PROBLEM TO WORK ON: Return the data exactly, without pictures.

EXERCISE DATA:
[Start of section]
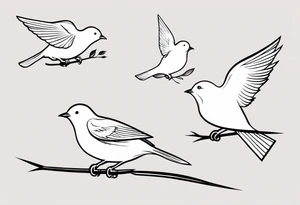Four little birds... two of them are flying tattoo idea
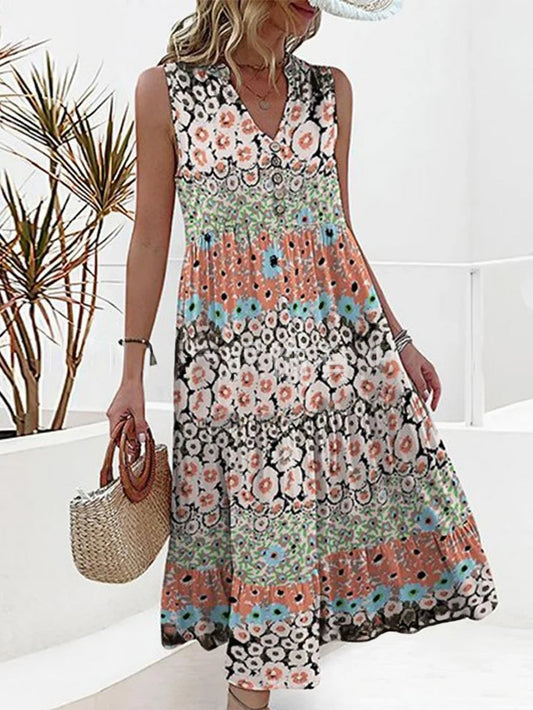 TS | Boho Floral Sleeveless Maxi Dress
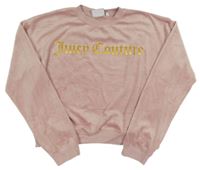Svetloružová plyšová crop mikina s logom Juicy Couture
[End of section]
REPLY:
Four little birds... two of them are flying tattoo idea
 TS | Boho Floral Sleeveless Maxi Dress
Svetloružová plyšová crop mikina s logom Juicy Couture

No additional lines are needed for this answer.